小さな古めかしいデザインの機械人形がそう告げる…その言葉を聞きながら、白鵺翔太は何処か複雑そうな様子でその機械に返答し…己の手に握られた〝デバイス〟へ当惑混じりにボヤく。


「――どんだけ優秀何だよ、この〝制作補助機械人形クラフトマン・アンドロイド〟…プロジェクト発足から3日も経ってねぇぞ…」

「『どんな〝知性体モジュール(ノウミソ)〟してるのかしら…一匹くらい解剖しても良いかしらね?』」


そのボヤきに返ってくるのは、何処か加虐的な興味を覗かせる〝蛇妃〟の言葉…その言葉に反応してかもう一人…〝妖魁〟の声がその考えに口を出す。


「『残念やけど、このおチビさん達の〝中身〟は既製品の〝機械人形(アンドロイド)〟と大差無いらしいわ、おチビさんの中に居る〝リーダー〟が全作業の最適化して、最適化した〝行動パターン〟を送信してる……らしいよ?』」


そう言う本人ですら困惑した様なその説明に白鵺翔太は驚いた様に…視線の先を見やる…其処には。

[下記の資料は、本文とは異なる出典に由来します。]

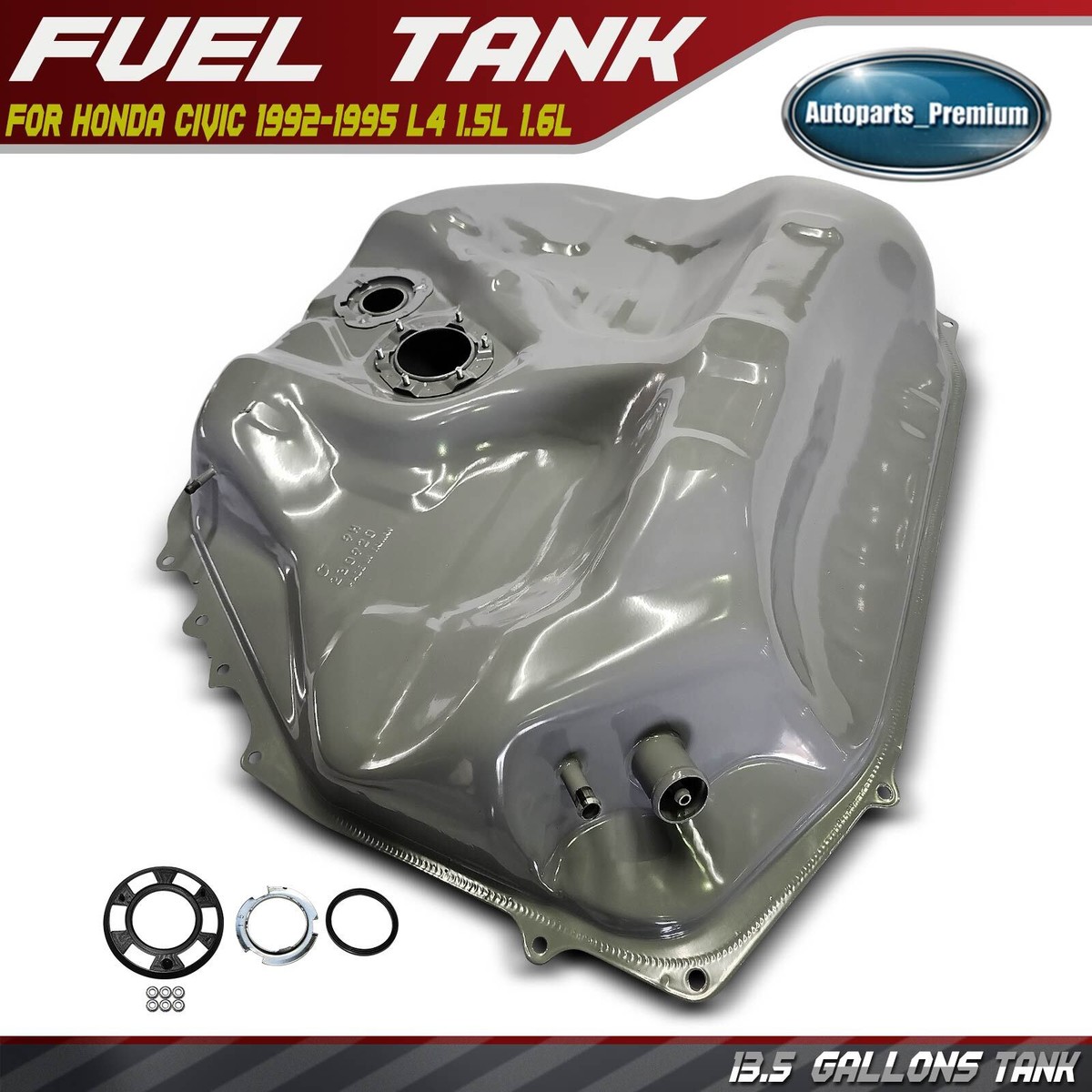 13.5 Gallons Silver Fuel Tank for Honda Civic 1992 1993 1994 1995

「本気かよ……なら、本来のアンドロイドのスペックって〝アレ〟なのか…?」


既に街の中心に築かれつつ有る…巨大な〝ゲート〟の未完成品と、一切の無駄な動作も無く、完璧な連携で動く〝機械人形〟達の姿が有った。


「――〝計測〟…〝工事進捗〟ハ〝無問題(パーフェクト)〟…工事完成マデ後〝二日〟デス」


そんな彼等の潜在能力に、白鵺翔太は感嘆の眼差しを向け…その視線を釘付けにする…そんな彼へ〝伝達係〟は、機械的な報告を届け…また沈黙を再開した…。



○●○●○●


――フワッ――


甘い香りに目が覚める…目が覚めると其処は知らない天井で、見覚えの無い景色に微睡む思考は停止する。


「――此処は…?」


譫言の様に紡いだその言葉の後で…己の脳は漸く酩酊から覚め、眠り落ちる前の光景を思い返す。


「ッ―――あぁ!?」


暗闇の中から開かれた扉、その中から伸びる無数、無尽蔵の〝黒い腕〟…ソレに掴まれ、強引に引き込まれた事を思い出した瞬間…あまりの恐怖に全身が冷水に浸かった様な感覚に襲われる。


――ガバッ――


悲鳴と共に身体を起こす…全身を流れ打つ冷や汗と、極度の緊張感に脈打つ鼓動が全身を支配する…そんな中、直ぐ隣から己へ向けて〝声〟が紡がれる。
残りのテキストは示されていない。